Below is a listing; retype exactly the lines between the one containing "A high-quality digital" and the one containing "Bản vẽ kĩ thuật", inclusive, minus the pictures.

> [RECORDS]
· · · ·

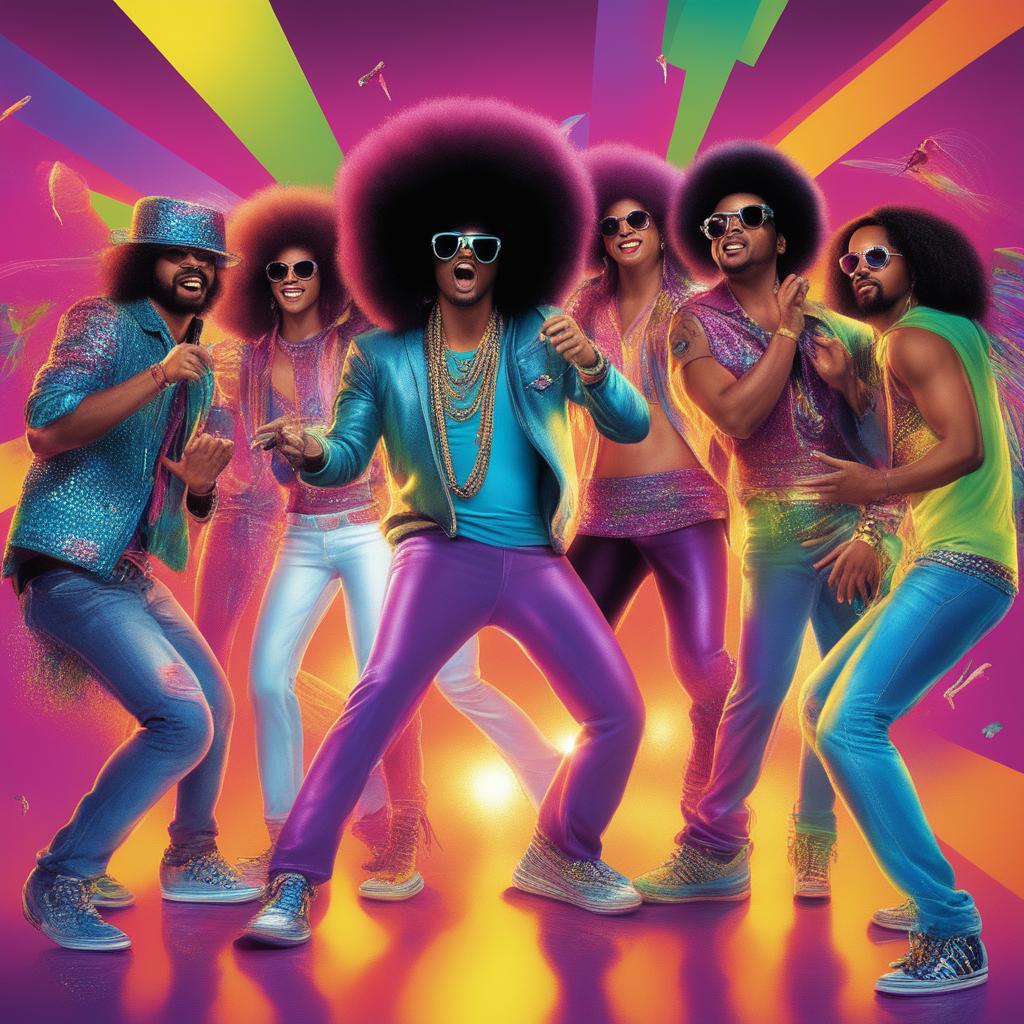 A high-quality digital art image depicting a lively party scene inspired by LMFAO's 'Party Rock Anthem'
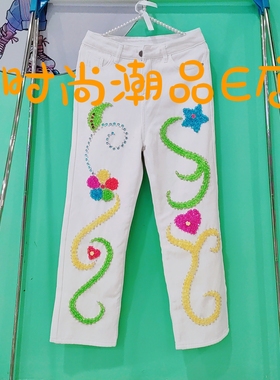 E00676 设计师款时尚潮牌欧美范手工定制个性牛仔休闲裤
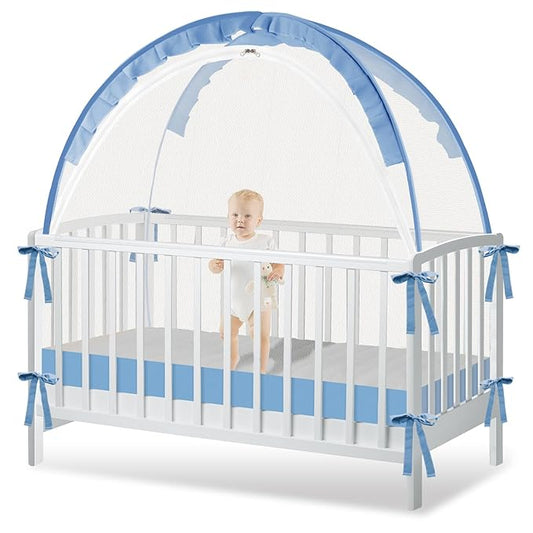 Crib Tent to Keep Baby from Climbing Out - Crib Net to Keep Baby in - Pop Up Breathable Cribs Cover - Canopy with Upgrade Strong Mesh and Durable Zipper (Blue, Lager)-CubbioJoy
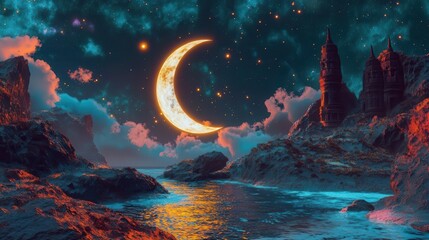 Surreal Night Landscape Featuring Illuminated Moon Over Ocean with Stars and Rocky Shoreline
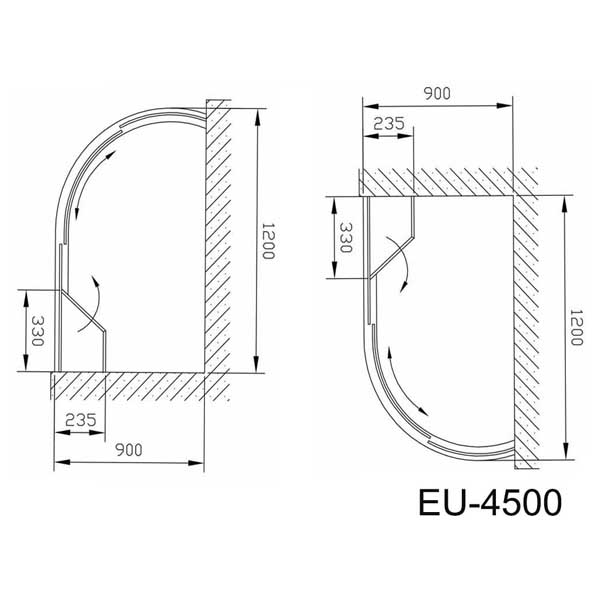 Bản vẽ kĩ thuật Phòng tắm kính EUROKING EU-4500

· · · ·

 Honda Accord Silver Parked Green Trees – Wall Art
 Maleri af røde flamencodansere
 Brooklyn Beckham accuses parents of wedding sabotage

· · · ·

> [OUTPUT OF THE EXERCISE]
 A high-quality digital art image depicting a lively party scene inspired by LMFAO's 'Party Rock Anthem'
 E00676 设计师款时尚潮牌欧美范手工定制个性牛仔休闲裤
 Crib Tent to Keep Baby from Climbing Out - Crib Net to Keep Baby in - Pop Up Breathable Cribs Cover - Canopy with Upgrade Strong Mesh and Durable Zipper (Blue, Lager)-CubbioJoy
 Surreal Night Landscape Featuring Illuminated Moon Over Ocean with Stars and Rocky Shoreline
 Bản vẽ kĩ thuật Phòng tắm kính EUROKING EU-4500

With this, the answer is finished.